Farewell to fsync(): 10× faster database tests with Docker

You’re writing an application that talks to a database—PostgreSQL, MySQL, MongoDB—and you need to write some tests. You want three things out of your tests:

  1. Realism: the closer your test setup is to production, the more likely you are to catch bugs with tests.
  2. Speed: Slow tests are expensive tests.
  3. Ease-of-use: You want running and writing tests to be easy, otherwise you’re less likely to do it.

The problem is that interacting with a database is slow, so you want to avoid writing tests that talk to the database. But if you’re not talking to a real database, how do you ensure realism?

Luckily, with modern tools like Docker, you can actually have all three at the same time: realism, ease-of-use, and speed! But before we get to our proposed solution, let’s see an example of slowness, and then consider some other alternative solutions.
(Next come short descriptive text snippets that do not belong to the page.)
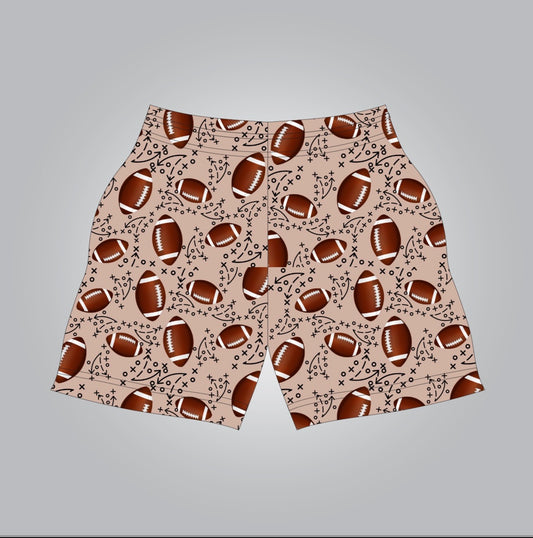 Football shorts- adult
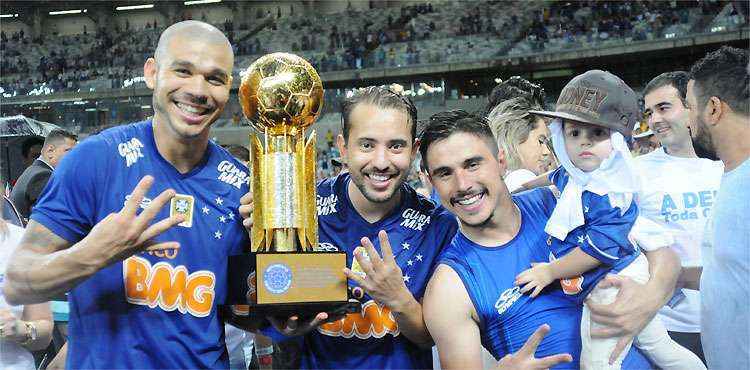 Globo Esporte MG] Cruzeiro Tetra Campeão Brasileiro 2014 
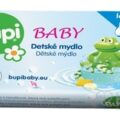 Bupi BABY Tuhé mydlo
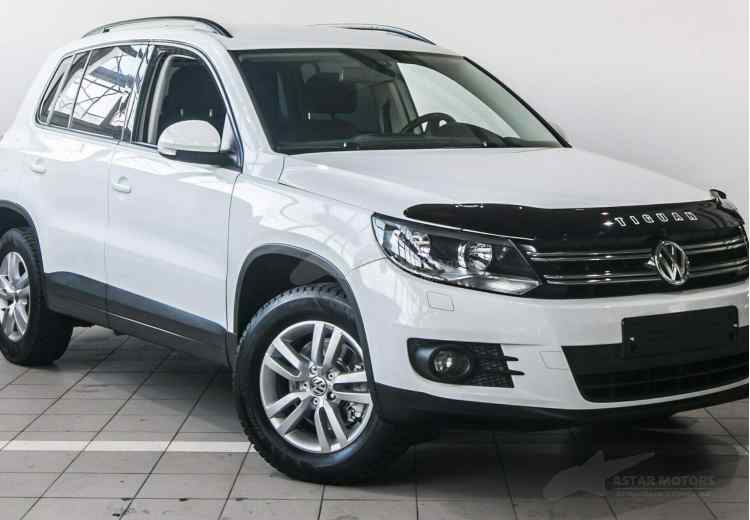 Volkswagen Tiguan I Рестайлинг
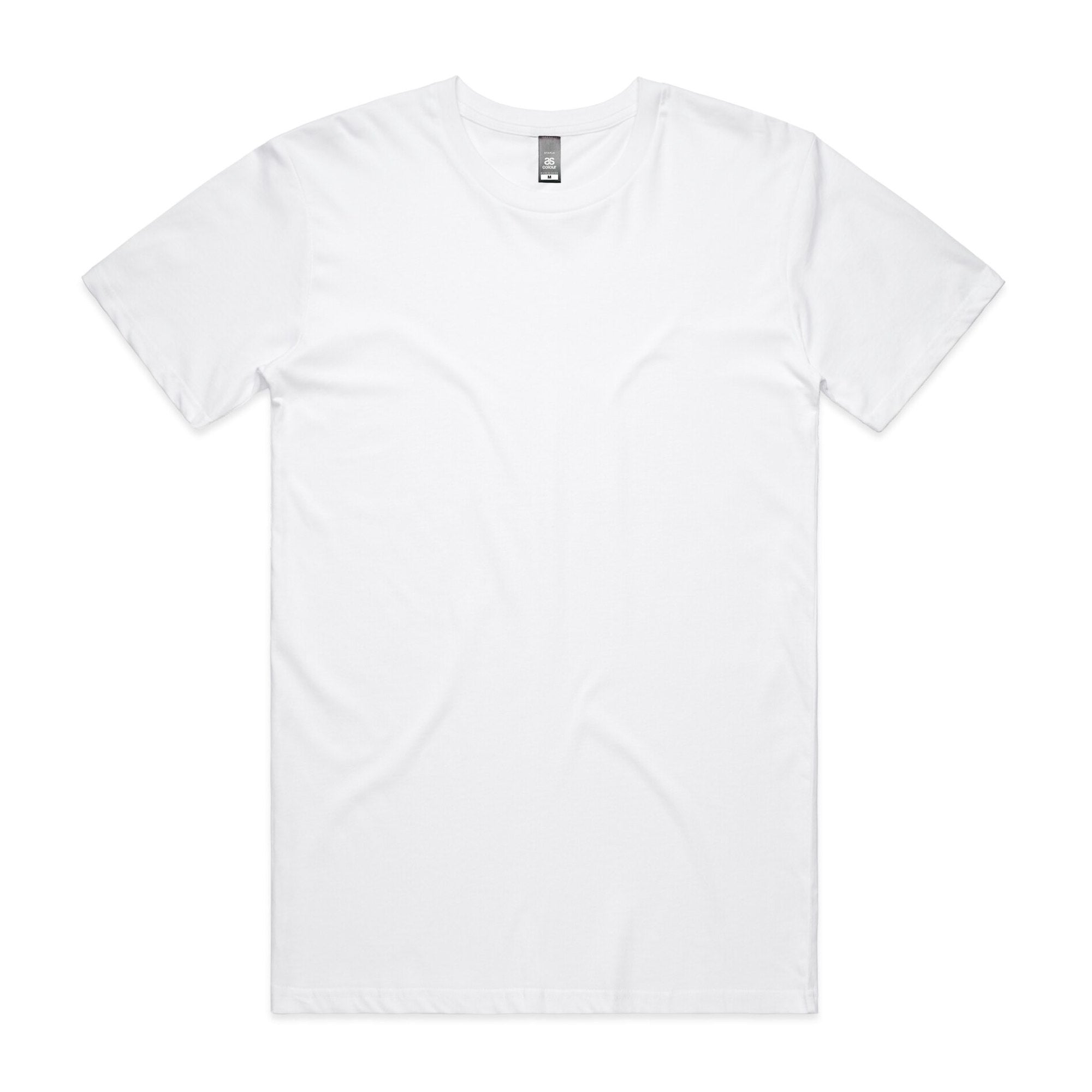 JC5001B MENS STAPLE TEE (4XL–5XL)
An example: slow database INSERTs

Consider the following program, which simulates a test suite that uses a database by doing 10,000 database inserts:

import psycopg2

def go():
    conn = psycopg2.connect(
        "user=postgres host=localhost port=5432")
    conn.autocommit = True
    cursor = conn.cursor()
    cursor.execute("CREATE DATABASE test;")
    conn = psycopg2.connect(
        "user=postgres host=localhost port=5432 dbname=test"
    )
    conn.autocommit = True
    cursor = conn.cursor()
    cursor.execute(
        "CREATE TABLE test (id serial PRIMARY KEY, " +
        "num integer, data varchar);")
    for i in range(10000):
        cursor.execute(
            "INSERT INTO test (data) VALUES ('hello!');")

go()

When I run it, it takes about 25 seconds:

$ time python dbtests.py
real    0m26.655s
user    0m0.479s
sys     0m0.384s

Some less-than-ideal solutions

What are some of the ways people deal with this problem?

Test doubles: You can write a fake or mock to replace the code that interacts with the database. Unfortunately, even when you use verified fakes you still suffer from a lack of a realism. Your database can enforce many constraints—uniqueness, relationships, and so on—that are time-consuming and therefore expensive to implement in a fake.

SQLite: If you use a RDBMS like PostgreSQL in production, it can be replaced by SQLite running in memory. This is faster, but now you’re using a different database, which has different features and different bugs.

Rollback before commit: Another solution is to talk to the real database, but ROLLBACK your transaction before it’s committed. This allows you to skip the most expensive step of your database interaction. Unfortunately this isn’t possible in all applications, and can limit the kinds of tests you can do.

These last two solutions present a starting point for a better solution, by pointing us at the slowest part of a database transaction: writing to disk.

Writing a file is fast, writing to disk is slow

Writing to an actual hard drive is quite slow compared to writing to memory. So when a program writes a file, by default it doesn’t get written to disk: instead, it gets stored in memory, and at some point the operating system will write that memory to disk.

But by that point the process has moved on to doing something else. Most of the time, then, writing to a file appears to be quite fast from the process’ point of view.

Unlike many programs, databases want data written to disk immediately: when you commit a transaction, they want to be sure that data will be there. And so they force the data to disk immediately, e.g. by calling the POSIX fsync() API. As a result, database commits are quite slow because they have to wait for the disk writes.

When you’re running tests, however, you don’t care about safely storing data! If your tests crash and you lose all the data, who cares?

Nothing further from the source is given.